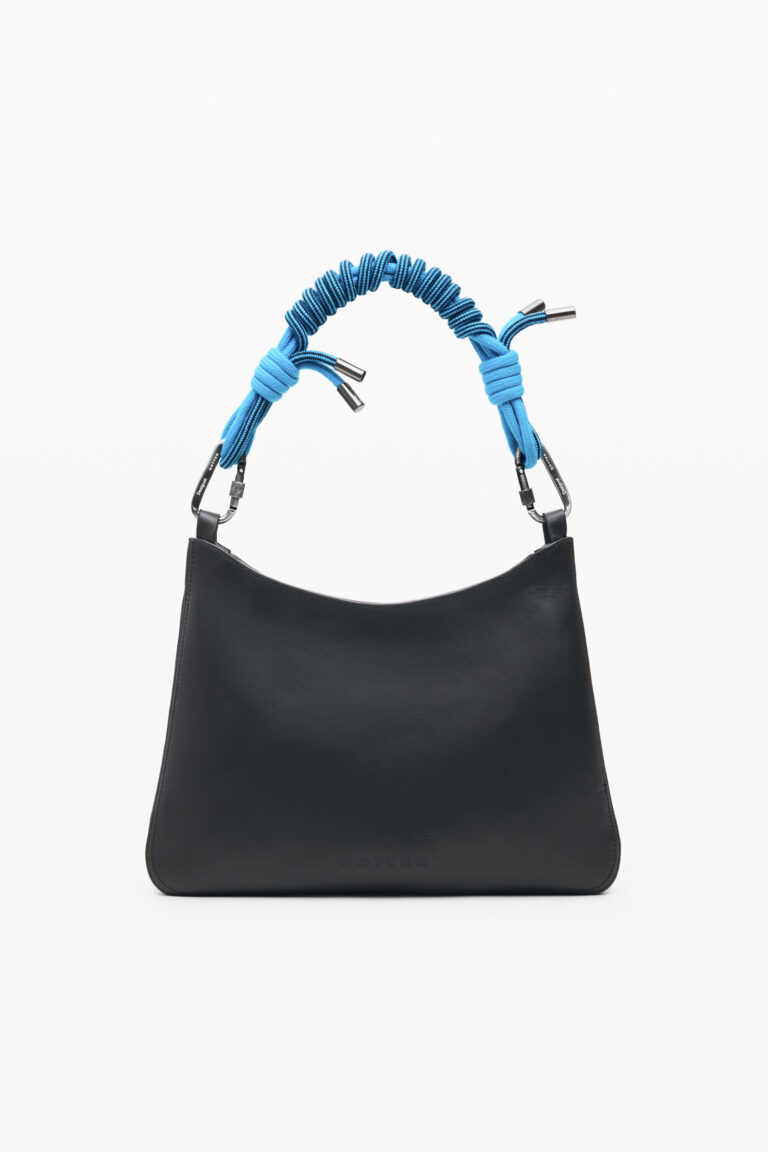 Desigual, Bolso mediano piel Botter, Cow Leather, Negro, U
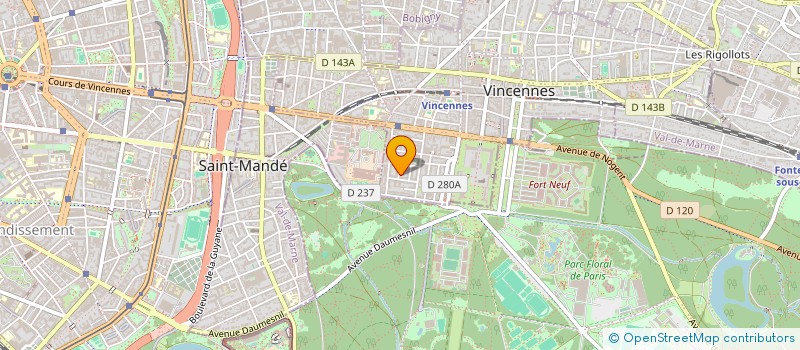 localisation de l'entreprise SCI AARON' S à VINCENNES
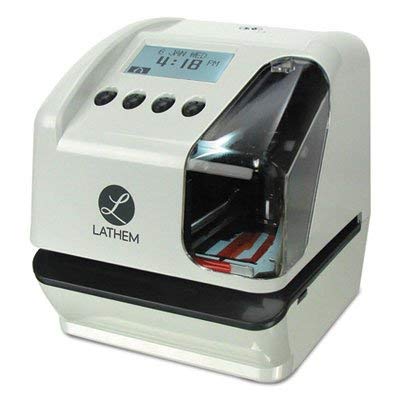 LT5000 Electronic Time and Date Stamp, Electronic, Cool Gray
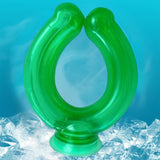 Maxbell Neck Cooling Tube Cooling Ice Neck Cooler Compact for Hiking Jogging Camping Green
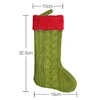 Christmas stockings candy bag Christmas articles knitted medium size gift bag gift bag pendant Christmas tree ornament pendant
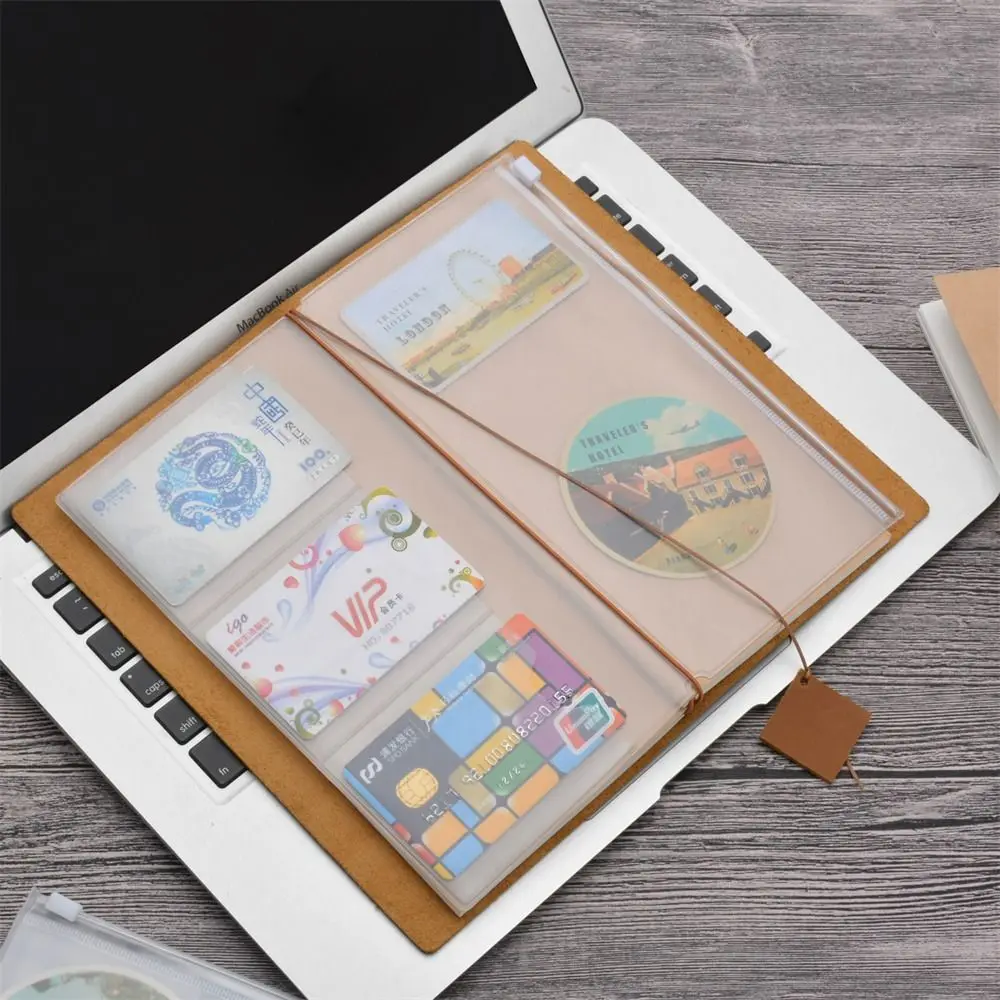 Pocket Standaard Voor Midori Reizigers Journal Planner Kaarthouder Notebook Opbergtas Notebook Rits Tas PVC Rits Tas
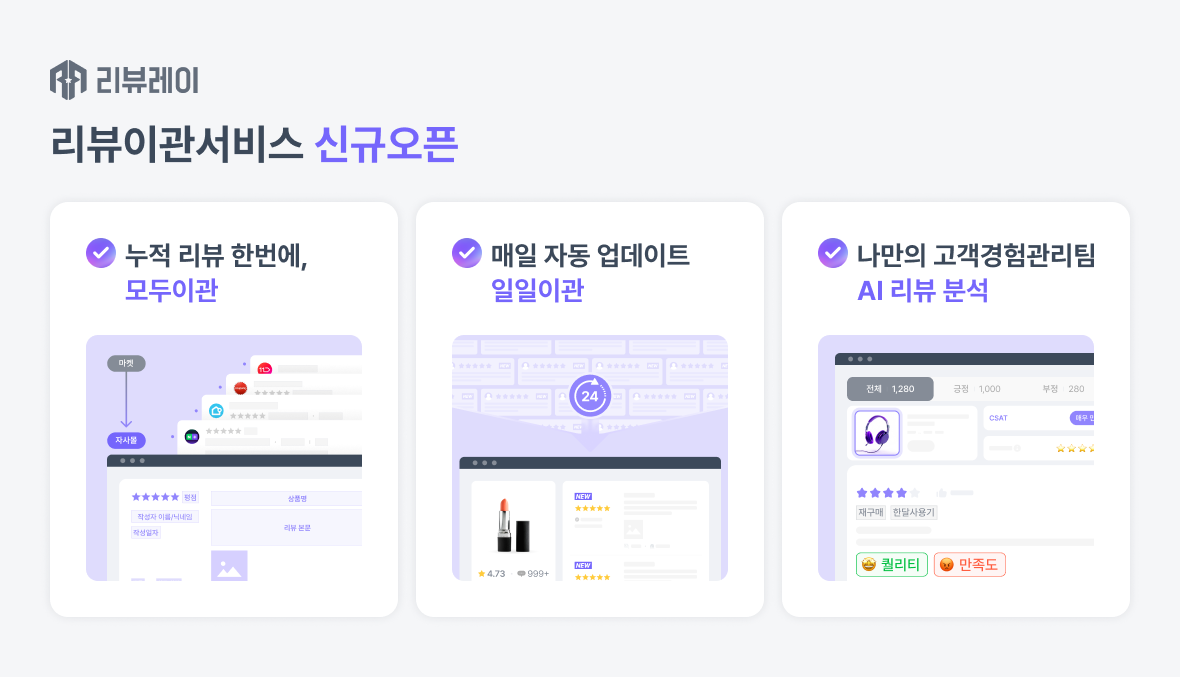 ▲리뷰레이 리뷰이관서비스 참고 이미지 (한국정보공학 제공)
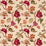 Zoffany Anjolie de Novo Russet 332981 Fabric Sample ZDAR332981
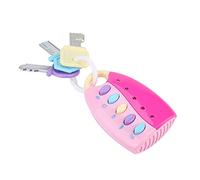 Syrisora Télécommande de Voiture pour bébé, Clés de Jouet Musicales pour Les Tout-Petits, Jeu de Simulation éducatif avec Son et Lumières, Rose ou Bleu pour bébé, Tout-Petit (Rose)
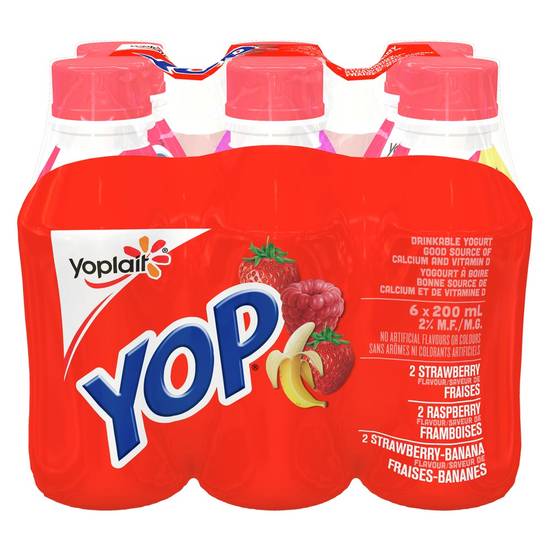 Yoplait - Yop Yogurt, Strawberry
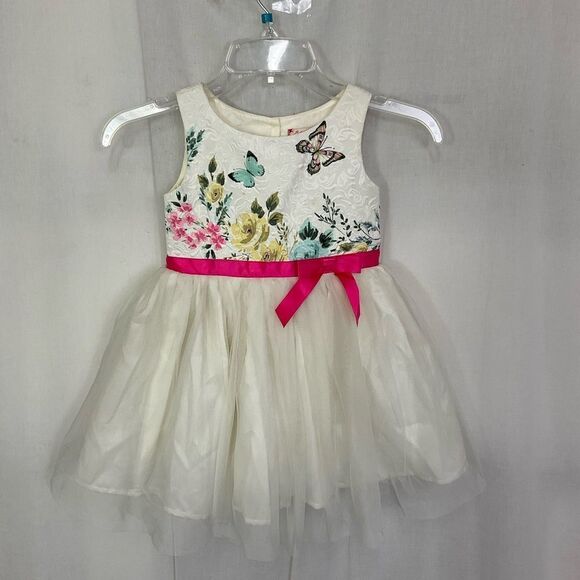 Ruby & Bloom Floral Butterfly Fit and Flare Dress Size 4 - Picture 3 of 14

HOW TO COMPLETE THIS TASK: Please transcribe, word for word, every line from the one containing "LT5000 Electronic Time" through the last line of the records, both included, and leave the pictures out.

TASK OUTPUT:
 LT5000 Electronic Time and Date Stamp, Electronic, Cool Gray
 Maxbell Neck Cooling Tube Cooling Ice Neck Cooler Compact for Hiking Jogging Camping Green
 Christmas stockings candy bag Christmas articles knitted medium size gift bag gift bag pendant Christmas tree ornament pendant
 Pocket Standaard Voor Midori Reizigers Journal Planner Kaarthouder Notebook Opbergtas Notebook Rits Tas PVC Rits Tas
 ▲리뷰레이 리뷰이관서비스 참고 이미지 (한국정보공학 제공)
 Zoffany Anjolie de Novo Russet 332981 Fabric Sample ZDAR332981
 Syrisora Télécommande de Voiture pour bébé, Clés de Jouet Musicales pour Les Tout-Petits, Jeu de Simulation éducatif avec Son et Lumières, Rose ou Bleu pour bébé, Tout-Petit (Rose)
 Yoplait - Yop Yogurt, Strawberry
 Ruby & Bloom Floral Butterfly Fit and Flare Dress Size 4 - Picture 3 of 14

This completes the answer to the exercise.